Sie sind Entwickler und kommen spontan als Unterstützung in das hippe Web-Projekt: man braucht nämlich mal eben einen Java-Profi, der die Daten von der Web-Anwendung in das Buchungssystem in SAP bringen kann, und mit Java ist der SAP-Zugriff ja technisch eher einfach. Alle sind gut drauf – nur Sie haben so etwas schon mal gemacht: mit viel mehr Aufwand als den zehn geplanten Tagen, weil die Fachlichkeit nicht geklärt war. Eskalieren Sie – und sind der Spielverderber?

Sie wundern sich, dass in Ihrem neuen Projekt der Projektleiter die Aufgaben kleinteilig vorgibt, bis hin zur Struktur der Entity Beans der Persistenzschicht. Sie haben das ungute Bauchgefühl, dass die Schnittstellen zwischen den Komponenten nur durch den Projektleiter geprüft wurden. Die Entwickler untereinander reden auch nicht miteinander, man arbeitet vor sich hin. Ob das gut geht?

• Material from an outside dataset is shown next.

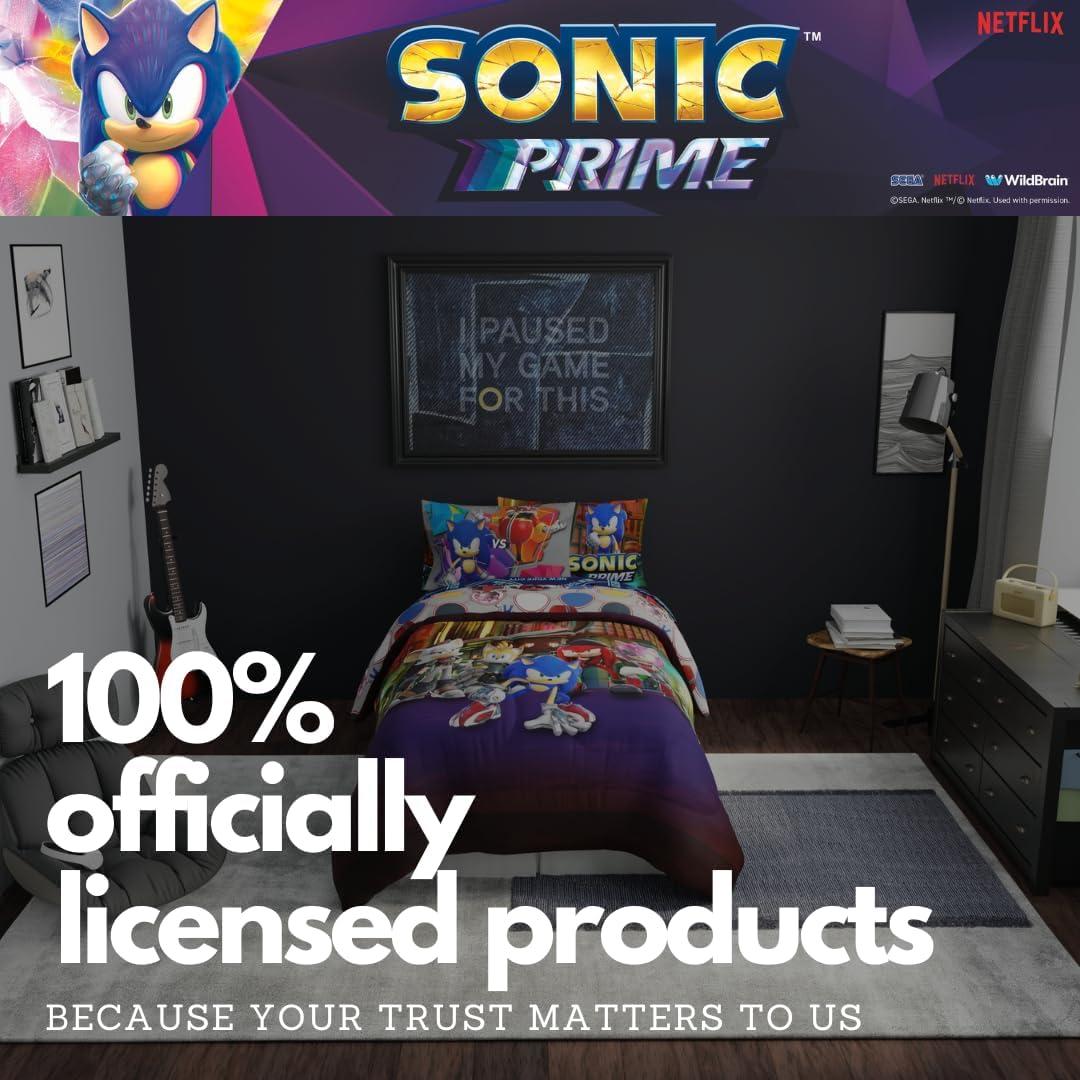 Juego de Ropa de Cama Sonic Prime Franco 4 Piezas Individual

Die Rettung des Projektes sind: Sie selbst! Fühlen Sie sich in professioneller Verantwortung zuständig – unabhängig von der Rolle im Projekt. Vermeiden Sie aber, sich zu sehr in fremde Verantwortungsbereiche einzumischen und prüfen Sie sich selbst, ob Sie gerade den „Projektkümmerer“ darstellen.

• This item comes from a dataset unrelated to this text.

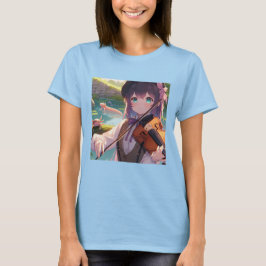 Schönes Anime Girl Violine T-Shirt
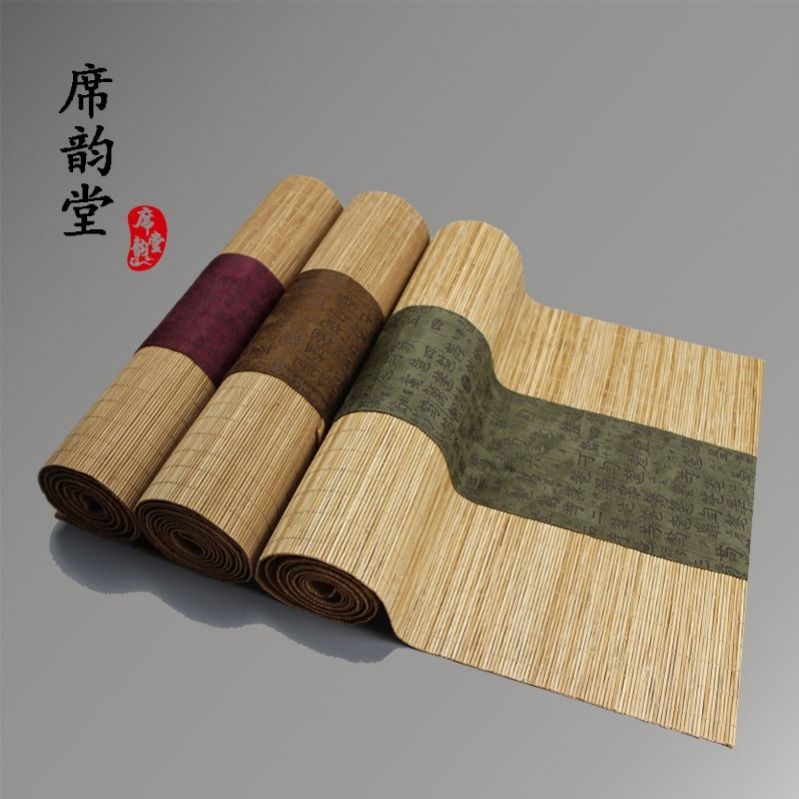 茶席竹麻布禅意艺帘垫日式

Reden ist immer nützlich in Krisensituationen, einerseits. Andererseits sagt man: melden macht frei. 
Was hilft also?
  1. Reden Sie mit den Verantwortlichen, oder mit denen, die Sie dafür halten.
  2. Erkennen und benennen Sie Ihre Annahmen explizit: „Ich vermute, dass Sie für die Vertragsgestaltung zuständig sind, ist das korrekt?“. Versetzen Sie sich mal gedanklich in die Lage des vermeintlich Verantwortlichen - was kann er, was braucht er? 

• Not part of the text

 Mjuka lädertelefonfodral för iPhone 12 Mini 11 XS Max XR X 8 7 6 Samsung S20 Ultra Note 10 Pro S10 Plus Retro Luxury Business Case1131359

  3. Bei Gleichgestellten wie z.B. anderen Projektleitern oder Entwicklern ist es hilfreich, Interesse und eigene Kompetenz zu demonstrieren. Gedankenaustausch und unverbindliche Gespräche nehmen viele Menschen eher an als gute Ratschläge.
  4. Überlegen Sie sich Lösungsvorschläge, vor allem Manager lieben es, aus Alternativen auszuwählen: das verringert ihre Arbeitslast. Wenn Sie dafür nicht genügend Hintergrundwissen haben, schlagen Sie Experten vor, die an der  Lösungsfindung mitwirken können.
  5. Zeigen Sie Konsequenzen auf, möglichst mit ganz konkreten Auswirkungen oder Beispielen aus Projekten: „Die SAP-Integration hat damals das zwanzigfache gekostet, weil wir die fachlichen Prozesse auch noch klären mussten“.
  6. Manchmal hilft so gar nichts und man will nicht immer als „Meckerfritze“ darstehen. Dann geht nur noch: vermerken. Schriftlich – heute normalerweise als e-Mail – mit einer Zusammenfassung, etwa nach einem Gespräch zu dem Thema. Das rettet nicht das Projekt, hilft aber den professionellen Rettern, wenn’s denn gekracht hat.
Auch als Entwickler unter einem mitunter nicht interessierten Projektleiter hat man Möglichkeiten: so kann man sich aus den agilen Methoden einfache Maßnahmen abschauen:
  • Stand Up Meetings: maximal 15 Minuten, nur das Team, jeder erzählt, was er getan hat, was er tun wird und was ihn behindert. Hilft bei Informationsflut und schwacher Projektorganisation.
  • Gegenseitige Code-Reviews: aufwändig, zugegeben, aber effektiv. Alle Beteiligten müssen dann aber auch lernen wollen!
  • Kundenfeedback: auf Termine mit dem Kunden drängen – Feedback einsammeln.
  • Ziele klären: Ziele kann man nur erreichen, wenn sie glasklar sind. Dazu gehört auch, die Ziele zu verstehen, sie zu hinterfragen und Risiken zu benennen.
  • Überschaubare Schritte: Der Projektleiter will Sie erst in vier Wochen wiedersehen? Setzen Sie sich im Team Wochenziele! 
Eigenverantwortung kann viel bewirken - suchen und nutzen Sie die Ansatzpunkte!